November 6, 2025
Reward shaping in multi-agent reinforcement learning (MARL) for complex tasks remains a significant challenge. Existing approaches often fail to find optimal solutions or cannot efficiently handle such tasks. We propose HYPRL, a specification-guided reinforcement learning framework that learns control policies w.r.t. hyperproperties expressed in HyperLTL. Hyperproperties constitute a powerful formalism for specifying objectives and constraints over sets of execution traces across agents. To learn policies that maximize the satisfaction of a HyperLTL formula, we apply Skolemization to manage quantifier alternations and define quantitative robustness functions to shape rewards over execution traces of a Markov decision process with unknown transitions. A suitable RL algorithm is then used to learn policies that collectively maximize the expected reward and, consequently, increase the probability of satisfying the formula. We evaluate HYPRL on a diverse set of benchmarks, including safety-aware planning, Deep Sea Treasure, and the Post Correspondence Problem. We also compare with specification-driven baselines to demonstrate the effectiveness and efficiency of HYPRL.
About Tzu-Han Hsu
Tzu-Han Hsu is a sixth-year Ph.D. candidate in Computer Science and Engineering at Michigan State University, advised by Dr.
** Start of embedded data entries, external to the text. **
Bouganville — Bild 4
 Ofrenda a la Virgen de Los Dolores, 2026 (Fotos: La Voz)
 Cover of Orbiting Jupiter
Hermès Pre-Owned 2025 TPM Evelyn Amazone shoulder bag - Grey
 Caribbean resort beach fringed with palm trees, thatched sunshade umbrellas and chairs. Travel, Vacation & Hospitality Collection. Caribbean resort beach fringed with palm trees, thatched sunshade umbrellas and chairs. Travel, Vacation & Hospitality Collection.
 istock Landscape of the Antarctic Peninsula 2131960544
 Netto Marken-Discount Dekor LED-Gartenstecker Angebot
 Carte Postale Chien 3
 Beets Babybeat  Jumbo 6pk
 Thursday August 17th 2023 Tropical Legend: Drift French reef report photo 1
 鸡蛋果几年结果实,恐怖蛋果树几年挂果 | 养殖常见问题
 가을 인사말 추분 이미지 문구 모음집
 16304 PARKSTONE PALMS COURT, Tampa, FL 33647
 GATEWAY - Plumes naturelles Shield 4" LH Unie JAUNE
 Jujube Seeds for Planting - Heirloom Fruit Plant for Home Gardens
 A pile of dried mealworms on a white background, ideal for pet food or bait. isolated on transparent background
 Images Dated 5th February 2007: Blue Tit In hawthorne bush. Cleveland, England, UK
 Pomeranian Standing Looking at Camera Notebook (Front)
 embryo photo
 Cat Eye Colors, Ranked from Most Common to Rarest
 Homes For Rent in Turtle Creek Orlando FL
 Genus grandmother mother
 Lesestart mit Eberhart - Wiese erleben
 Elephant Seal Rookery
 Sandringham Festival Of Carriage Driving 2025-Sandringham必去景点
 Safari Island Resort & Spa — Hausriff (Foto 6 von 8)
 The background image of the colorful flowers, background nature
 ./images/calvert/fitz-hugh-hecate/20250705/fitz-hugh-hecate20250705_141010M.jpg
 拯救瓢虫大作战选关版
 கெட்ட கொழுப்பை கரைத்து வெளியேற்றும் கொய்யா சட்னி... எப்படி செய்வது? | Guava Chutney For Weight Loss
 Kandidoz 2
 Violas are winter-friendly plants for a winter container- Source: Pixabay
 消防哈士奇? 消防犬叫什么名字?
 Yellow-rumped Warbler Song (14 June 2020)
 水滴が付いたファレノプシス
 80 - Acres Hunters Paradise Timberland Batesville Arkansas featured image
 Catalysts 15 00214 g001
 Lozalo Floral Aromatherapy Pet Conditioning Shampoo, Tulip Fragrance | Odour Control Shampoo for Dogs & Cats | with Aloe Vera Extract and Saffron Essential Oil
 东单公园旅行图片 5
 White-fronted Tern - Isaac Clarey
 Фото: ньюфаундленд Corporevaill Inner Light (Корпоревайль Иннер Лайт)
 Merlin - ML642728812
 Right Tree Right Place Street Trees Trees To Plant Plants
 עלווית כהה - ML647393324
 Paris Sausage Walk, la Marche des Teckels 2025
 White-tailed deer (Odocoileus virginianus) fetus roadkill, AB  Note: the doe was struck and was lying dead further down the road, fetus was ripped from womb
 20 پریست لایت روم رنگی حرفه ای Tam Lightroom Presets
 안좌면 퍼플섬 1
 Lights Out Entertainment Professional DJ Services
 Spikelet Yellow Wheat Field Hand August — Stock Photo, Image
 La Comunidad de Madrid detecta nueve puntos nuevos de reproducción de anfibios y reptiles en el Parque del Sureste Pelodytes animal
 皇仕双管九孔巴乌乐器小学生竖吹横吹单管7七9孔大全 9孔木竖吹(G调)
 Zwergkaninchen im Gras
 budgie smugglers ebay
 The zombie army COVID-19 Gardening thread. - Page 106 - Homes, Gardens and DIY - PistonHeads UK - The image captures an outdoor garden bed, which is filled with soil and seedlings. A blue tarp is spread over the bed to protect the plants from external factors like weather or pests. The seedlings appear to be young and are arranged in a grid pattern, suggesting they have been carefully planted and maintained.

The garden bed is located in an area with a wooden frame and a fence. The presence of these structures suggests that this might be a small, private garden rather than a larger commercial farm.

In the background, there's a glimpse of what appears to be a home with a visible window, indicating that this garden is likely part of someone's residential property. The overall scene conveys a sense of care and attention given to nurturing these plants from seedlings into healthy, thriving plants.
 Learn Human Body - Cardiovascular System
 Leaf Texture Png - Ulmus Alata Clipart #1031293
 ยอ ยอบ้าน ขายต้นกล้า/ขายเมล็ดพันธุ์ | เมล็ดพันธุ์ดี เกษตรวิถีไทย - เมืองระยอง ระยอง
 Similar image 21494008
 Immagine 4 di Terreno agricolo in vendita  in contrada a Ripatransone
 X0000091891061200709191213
Borzoo Bonakdarpour. Her research develops automated and formal verification techniques to ensure the reliability and trustworthiness of software systems. She focuses on hyperproperties, a specification framework for reasoning about relationships among multiple program executions, which provides a powerful foundation for modeling and verifying security, privacy, and consistency requirements in concurrent and distributed systems. Her work has appeared in leading venues such as NeurIPS, CAV, TACAS, and CSF, and received the Best Research Award at the MSU Graduate School Research Symposium in 2024. Currently, she explores the use of hyperproperties in program enforcement, automated repair, reinforcement learning, and program synthesis.